The issue is that some pdf seems be just fine and other either read as random characters or nothing at all.
From what i gather it seems that the pdf with the PDF producer “Aspose” , as well as this one that i exported from excel work normally.
The ones i have issues with are have as producer “Microsoft print to PDF”, “PDF24” or Nitro
I am having trouble to understand what causes this issue and if its related at all with the producer or how the pdf was converted, or anything else unrelated.
Does Ui path only accept certain pdf versions (maybe something to do with .net)?
Note: I don’t want to use OCR, as i have tried it and it messed up my text.
The Extract PDF Text activities works well with structured PDF’s. For example a scanned document can also be a PDF but if it’s a handwritten document or a picture of something the text recognition won’t work as well, so that’s probably why print to PDF won’t work well.
It’s a normal Digital invoice, it is not a scanned document, I imagine the creator of it probably used this method in Nitro or any other software to do it.
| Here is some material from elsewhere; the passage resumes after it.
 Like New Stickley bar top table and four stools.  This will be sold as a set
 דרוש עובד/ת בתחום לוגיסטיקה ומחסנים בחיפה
I can’t find any documentation about it, but it would be an interesting experiment to test if different export methods within the same software can in impact how well UiPath can read it with the Read PDF Files activity.
I haven’t found exactly the reason behind it but it seems that the PDFs that created an issue were saved from SharePoint using Print option and anything that was saved using download is okay.
I guess when you print different convertors come to play and may break the source code of the PDF making it unreadable to automations that rely on that.